====== DATASET CONTENT ======
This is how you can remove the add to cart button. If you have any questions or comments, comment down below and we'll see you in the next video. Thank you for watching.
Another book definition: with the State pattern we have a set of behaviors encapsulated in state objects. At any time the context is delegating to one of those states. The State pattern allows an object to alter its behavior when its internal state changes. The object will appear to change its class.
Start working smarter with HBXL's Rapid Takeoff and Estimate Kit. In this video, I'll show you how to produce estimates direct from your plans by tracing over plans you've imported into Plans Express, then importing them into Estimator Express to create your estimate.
======
====== DATASET CONTENT ======
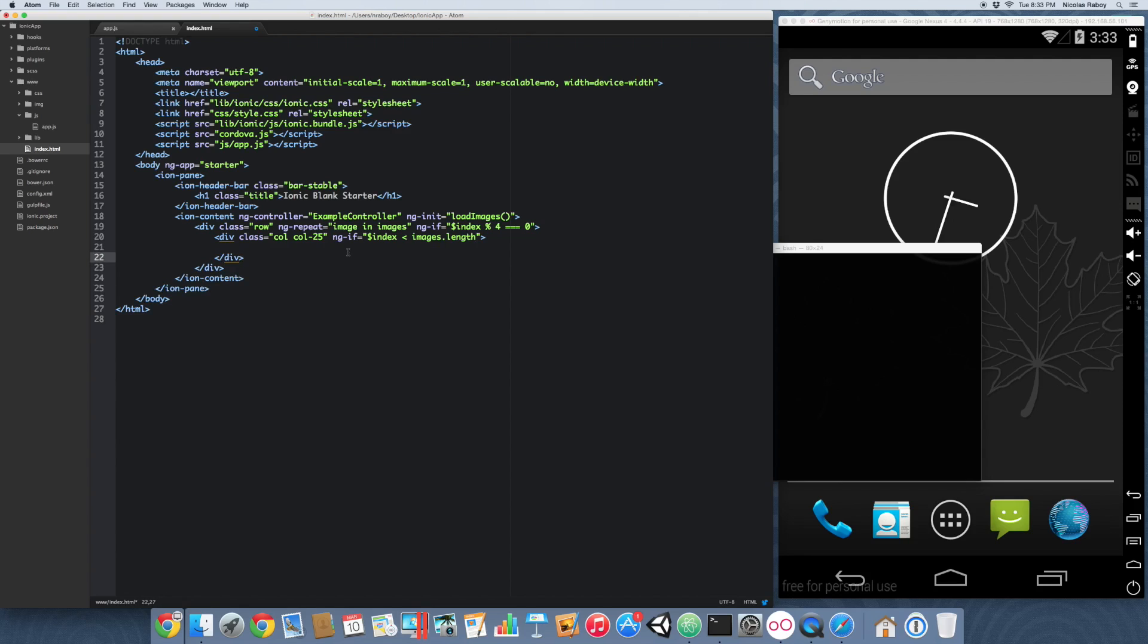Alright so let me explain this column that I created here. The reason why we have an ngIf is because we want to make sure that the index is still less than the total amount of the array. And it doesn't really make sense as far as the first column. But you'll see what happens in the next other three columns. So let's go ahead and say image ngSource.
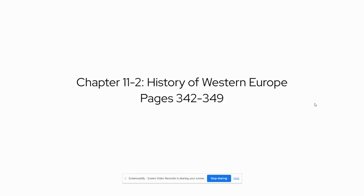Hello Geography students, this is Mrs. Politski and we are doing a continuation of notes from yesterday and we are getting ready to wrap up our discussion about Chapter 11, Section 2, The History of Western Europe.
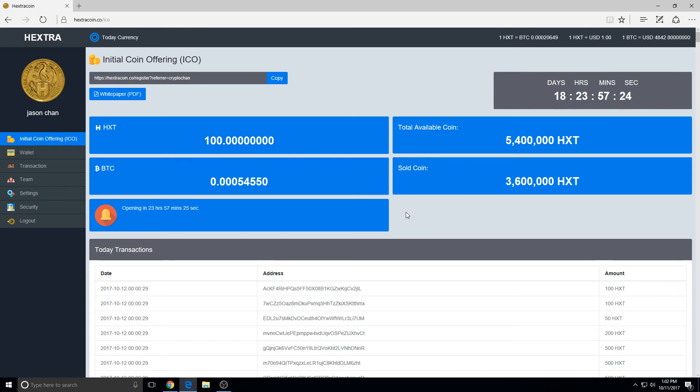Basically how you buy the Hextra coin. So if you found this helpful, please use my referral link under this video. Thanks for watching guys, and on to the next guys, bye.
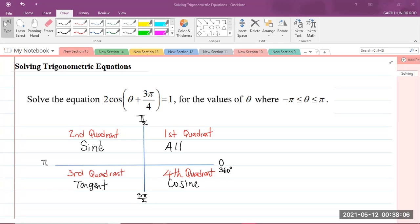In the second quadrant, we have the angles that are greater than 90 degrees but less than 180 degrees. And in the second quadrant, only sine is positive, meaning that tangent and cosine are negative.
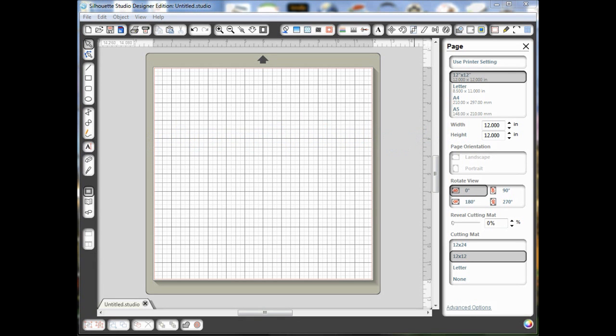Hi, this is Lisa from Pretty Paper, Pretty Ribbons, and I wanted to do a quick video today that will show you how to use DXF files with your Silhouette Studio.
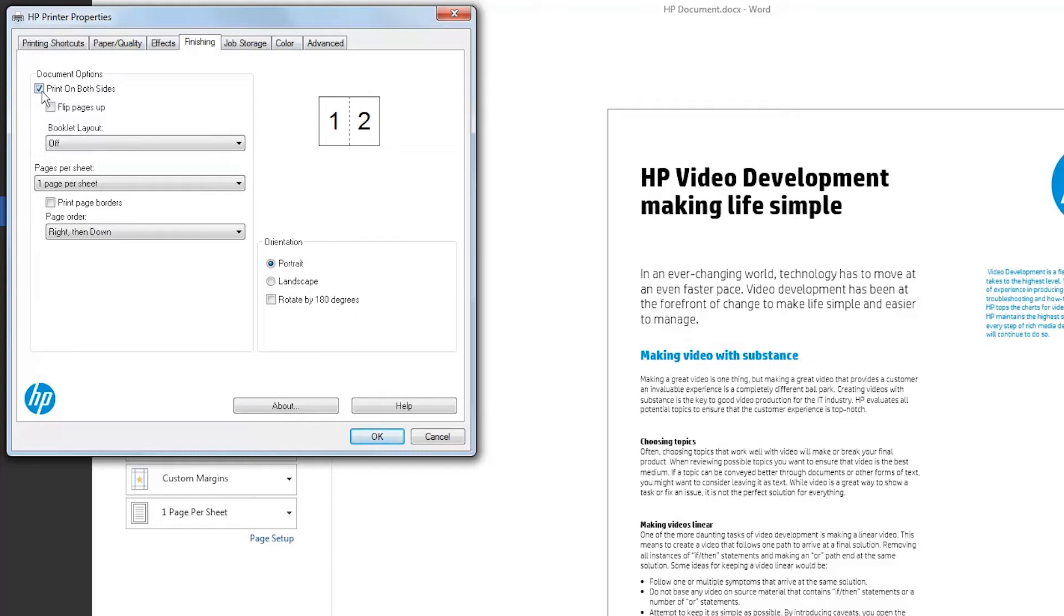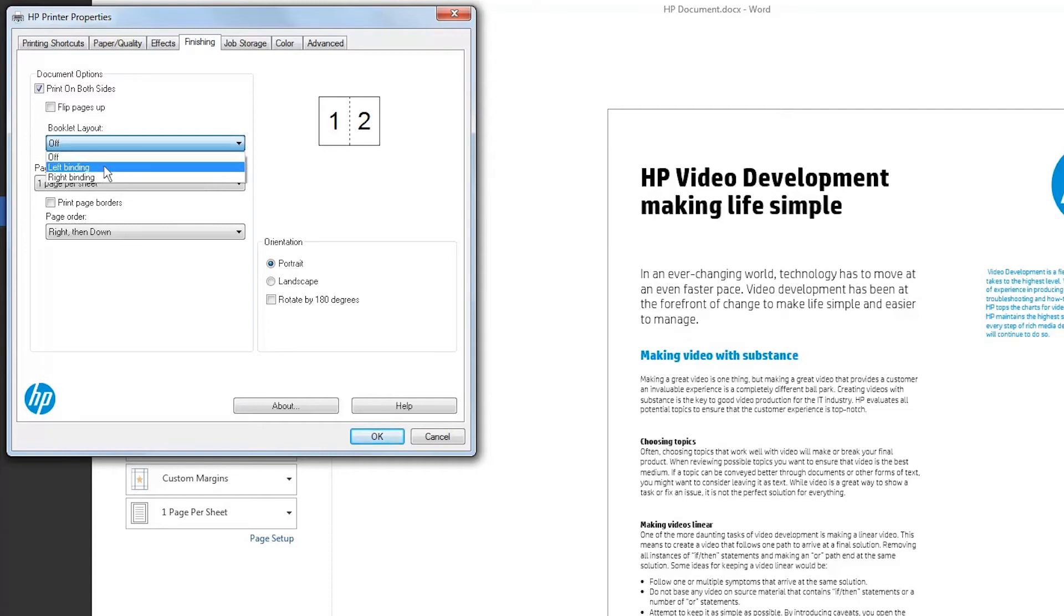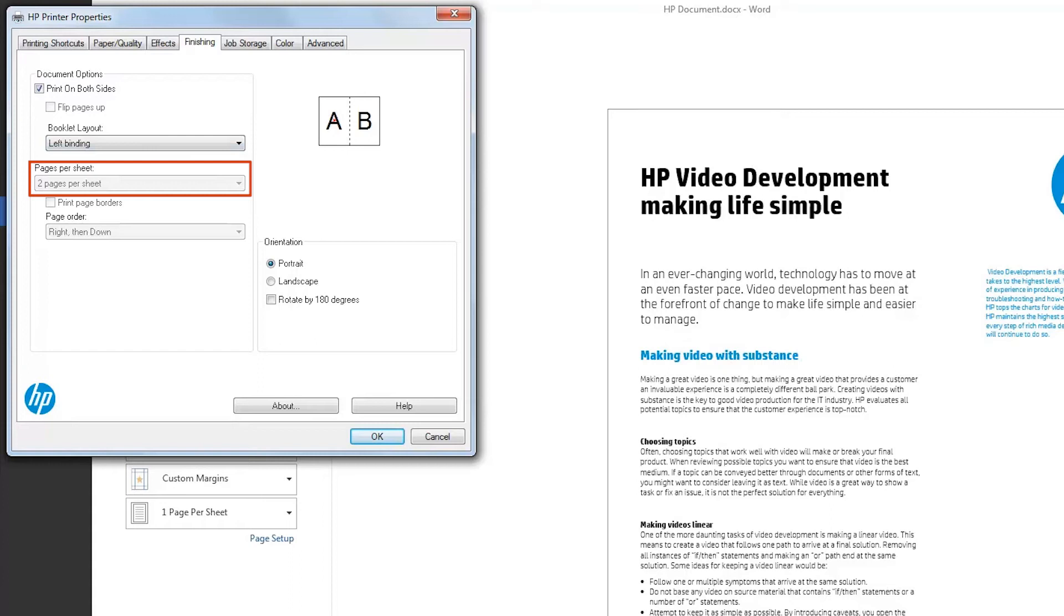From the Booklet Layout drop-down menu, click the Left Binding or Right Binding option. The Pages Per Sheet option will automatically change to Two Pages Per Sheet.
======
Nothing but the lines above, starting at the line that contains "Basically how you" and ending at the line that contains "Hi, this is", should be given again, exactly and without the pictures.

**SOLUTION TO THIS TASK:**
Basically how you buy the Hextra coin. So if you found this helpful, please use my referral link under this video. Thanks for watching guys, and on to the next guys, bye.
In the second quadrant, we have the angles that are greater than 90 degrees but less than 180 degrees. And in the second quadrant, only sine is positive, meaning that tangent and cosine are negative.
Hi, this is Lisa from Pretty Paper, Pretty Ribbons, and I wanted to do a quick video today that will show you how to use DXF files with your Silhouette Studio.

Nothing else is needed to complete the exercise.